La promesse de l’apprentissage par renforcement est de donner à un algorithme des situations plus complexes sans le guider directement. On le laisse trouver la meilleure façon d’explorer sa tâche et le contexte autour. Une analogie intéressante de l’apprentissage par renforcement, c’est l’enfant qui apprend à marcher. On ne lui dit jamais comment faire, il trouve tout seul en tombant et en se relevant.
Mais tout ça, est-ce suffisant ? Personnellement, j’ai l’impression qu’on automatise des tâches compliquées, qu’on simule de manière incomplète peut être certaines parties du cerveau mais où est l’intelligence forte ? Celle qui va définitivement remplacer les humains, pour ne pas dire anéantir l’humanité comme c’est prophétisé par certains penseurs
Où allons-nous ?
Et bien l’intelligence forte, on n’y est pas encore : Nous avons répondu à des problématiques superficielles, à ce qui touche à l’interface entre l’humain et son monde. Nous sommes en quelque sorte passé d’une digitalisation à une sémantisation de notre monde, c’est-à-dire que nous avons trouvé des algorithmes qui permettent de ne plus manipuler de la donnée brute mais de manipuler les concepts qui se cachent derrière cette donnée .
Les algorithmes de reconnaissance visuelle ne manipulent plus seulement des images mais manipulent des visages, des cheveux. Les algorithmes de jeu vidéo manipulent des personnages ou des stratégies. La encore, je pose clairement la question : est-ce suffisant de manipuler des concepts pour parler d’intelligence artificielle forte ?

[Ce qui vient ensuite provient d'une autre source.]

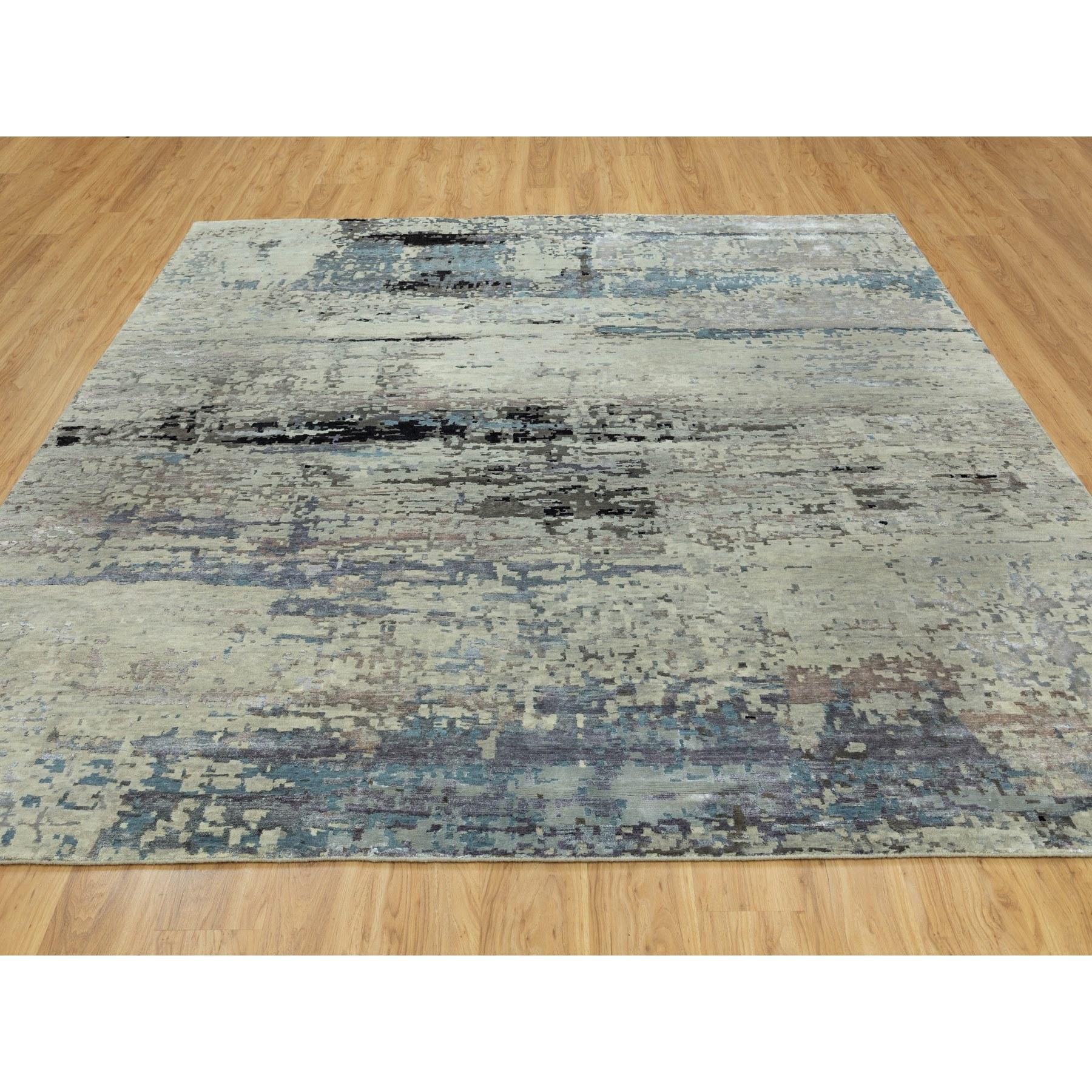 Moderne 10'x10' Abstract Design Silver-Blue Tapis en laine et soie à poils longs noué à la main en vente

Ce qui fait notre particularité, nous humains, c’est notre capacité à manipuler un très grand nombre de concepts génériques et de dresser une toile d’araignée de sens qui s’enrichit au fur et à mesure de notre apprentissage de la vie. Mais les différents cas d’usage du Deep Learning restent assez segmentées en fonction d’un ou deux domaines à chaque fois. Nous avons encore du mal à faire des ponts entre ces domaines et à tisser cette fameuse toile sémantique. Il manque encore cette glue qui permettrait de faire tenir toutes ces avancées technologiques ensemble de manière cohérente. Nos algorithmes simulent l’apprentissage et l’anticipation dans le futur. Ils disposent d’une représentation généralement assez basique du monde.
Au delà de ces capacité cognitives, il y a une grande propriété fondamentale d’une intelligence forte qu’on ne comprend toujours pas : c’est la conscience. Certains scientifiques pensent qu’elle émerge naturellement de la complexité issue de la puissance de traitement de données. D’autres scientifiques la lient plutôt à des architectures de cerveau spécifiques, architectures que nous comprenons peu et que nous ne pouvons pas dupliquer. Enfin, d’autres personnes vous diront qu’une machine avec une conscience, un but, une motivation, des émotions n’aurait absolument aucun sens.
Le débat est et restera philosophique tant que nous n’aurons pas connu de nouvelles avancées technologiques pour confirmer ou infirmer ces prédictions.